*** INPUT FOR THIS TASK Section Begins ***
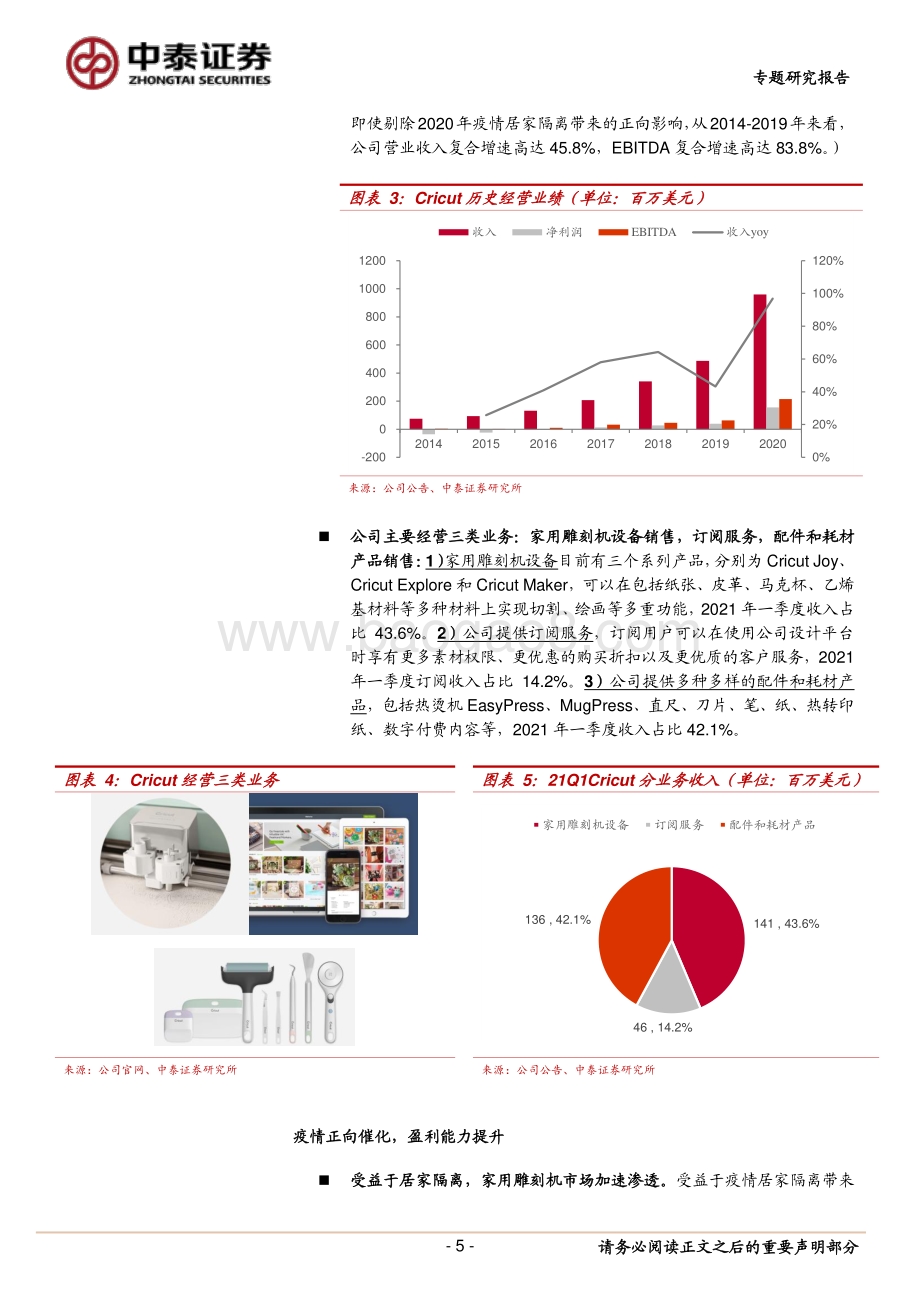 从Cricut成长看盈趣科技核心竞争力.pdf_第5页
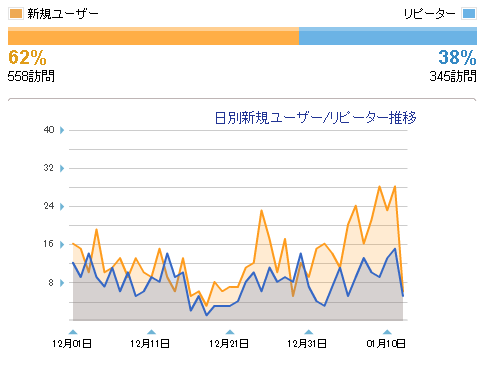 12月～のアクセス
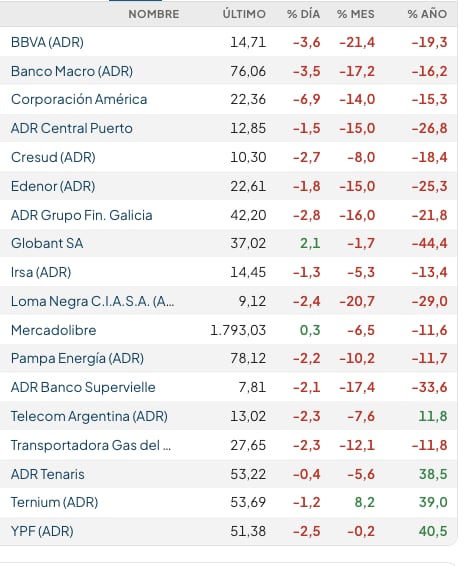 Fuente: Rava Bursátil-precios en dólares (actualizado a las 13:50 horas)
*** INPUT FOR THIS TASK Section Ends ***
*** INPUT FOR THIS TASK Section Begins ***
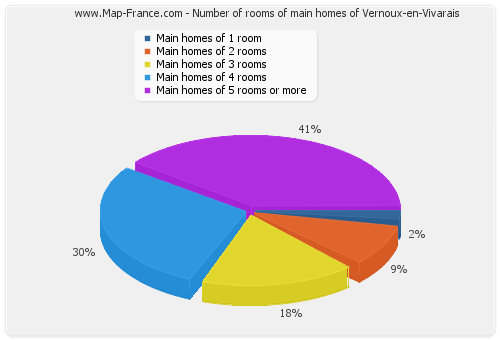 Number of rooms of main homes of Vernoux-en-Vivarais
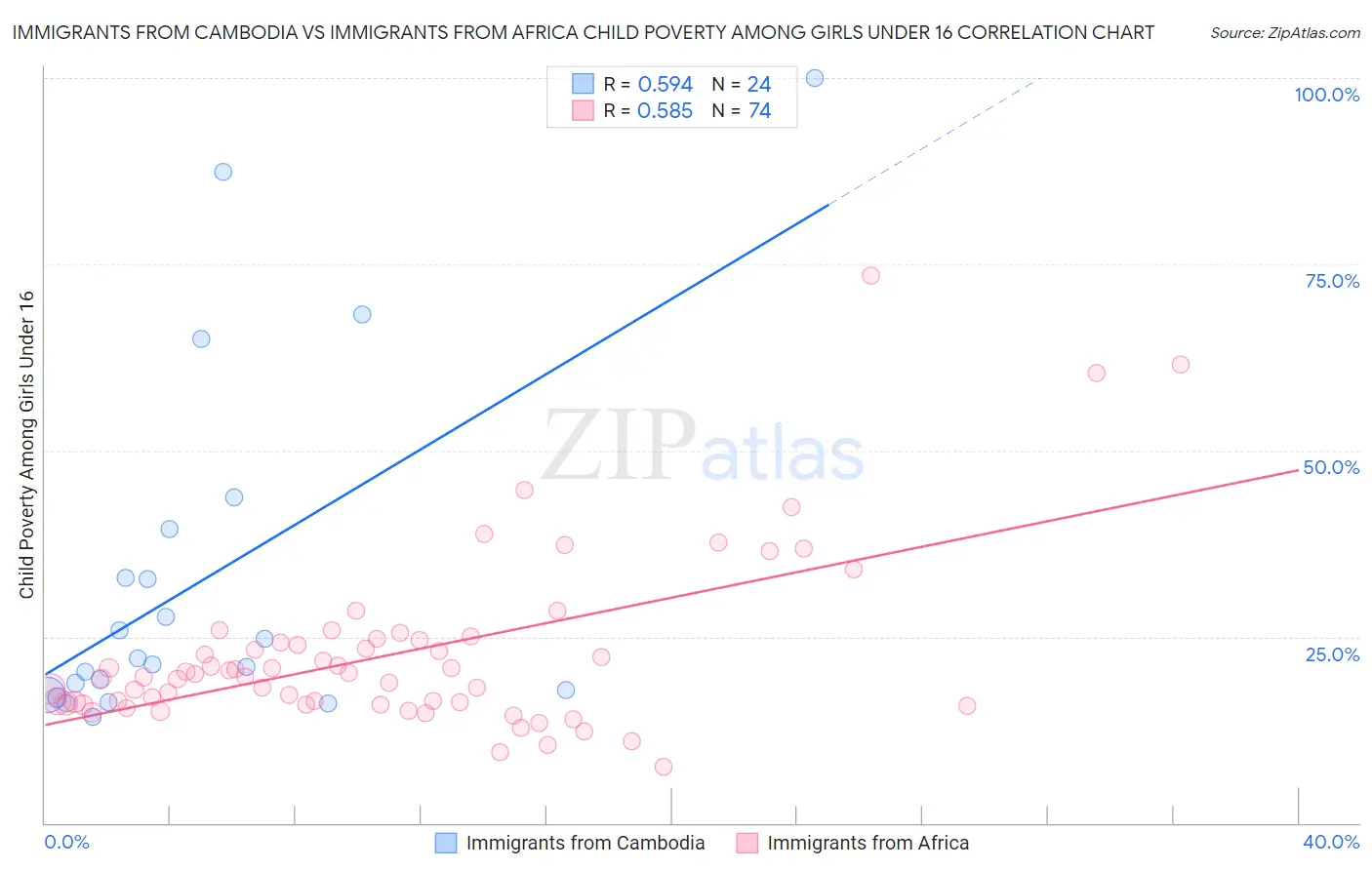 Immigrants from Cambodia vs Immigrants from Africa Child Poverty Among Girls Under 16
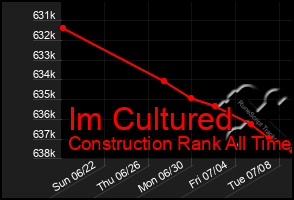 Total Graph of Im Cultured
*** INPUT FOR THIS TASK Section Ends ***
*** INPUT FOR THIS TASK Section Begins ***
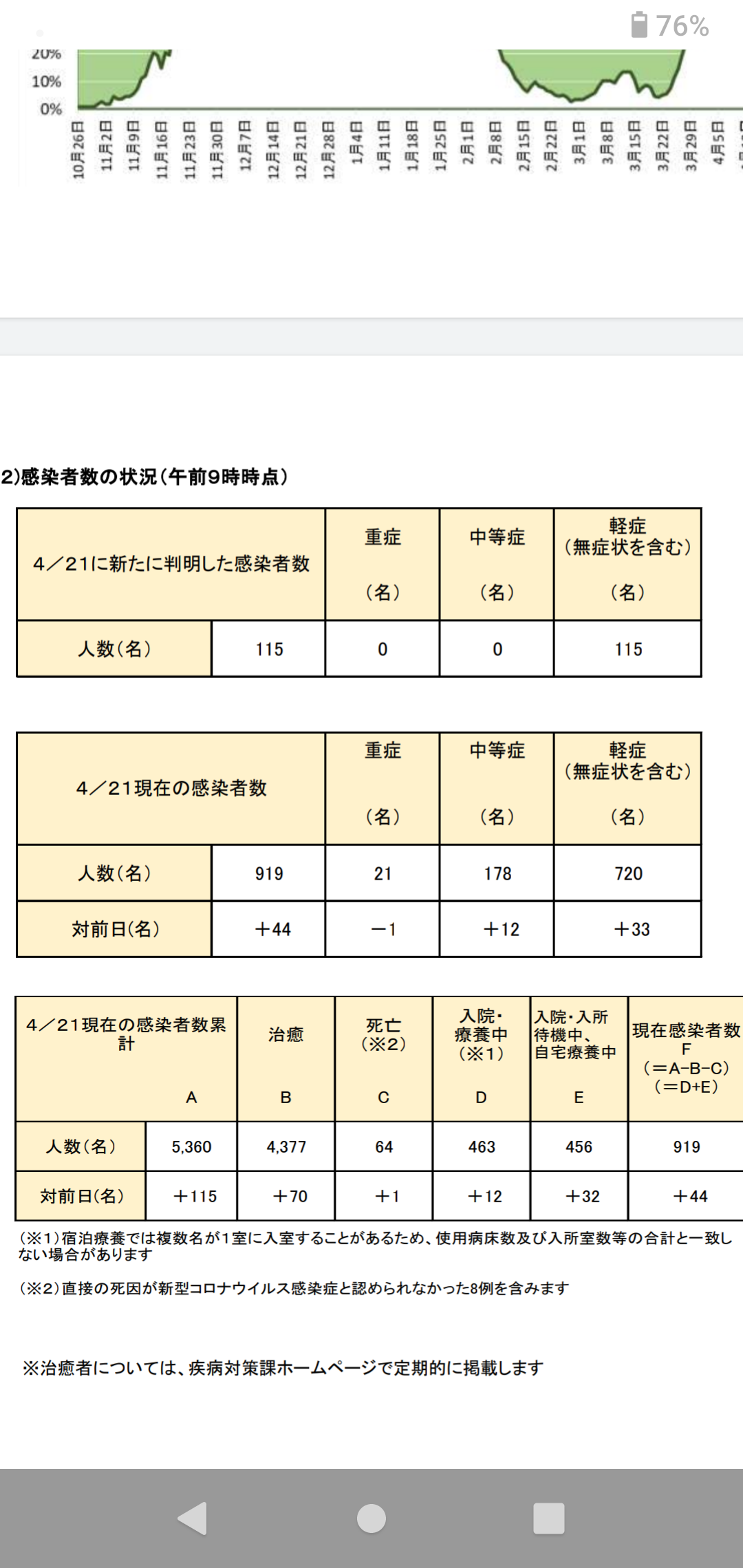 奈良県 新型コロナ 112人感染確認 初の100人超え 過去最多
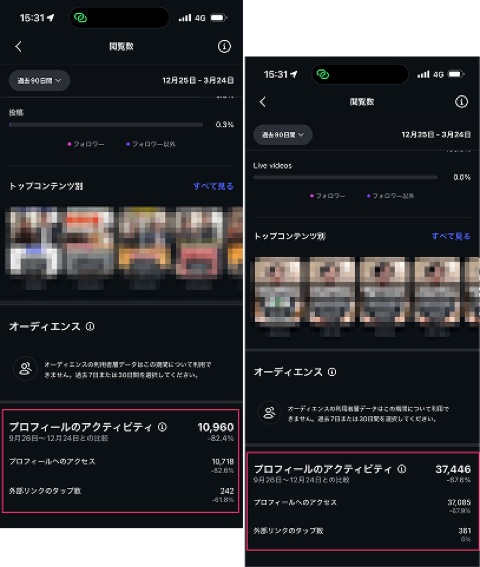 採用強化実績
*** INPUT FOR THIS TASK Section Ends ***
WORK TO COMPLETE:
In the entries above, find the line that contains "从Cricut成长看盈趣科技核心竞争力.pdf_第5页" and the line that contains "Fuente: Rava Bursátil-precios". Reproduce exactly those two lines and every line between them, but not the pictures.

ANSWER SPACE:
 从Cricut成长看盈趣科技核心竞争力.pdf_第5页
 12月～のアクセス
 Fuente: Rava Bursátil-precios en dólares (actualizado a las 13:50 horas)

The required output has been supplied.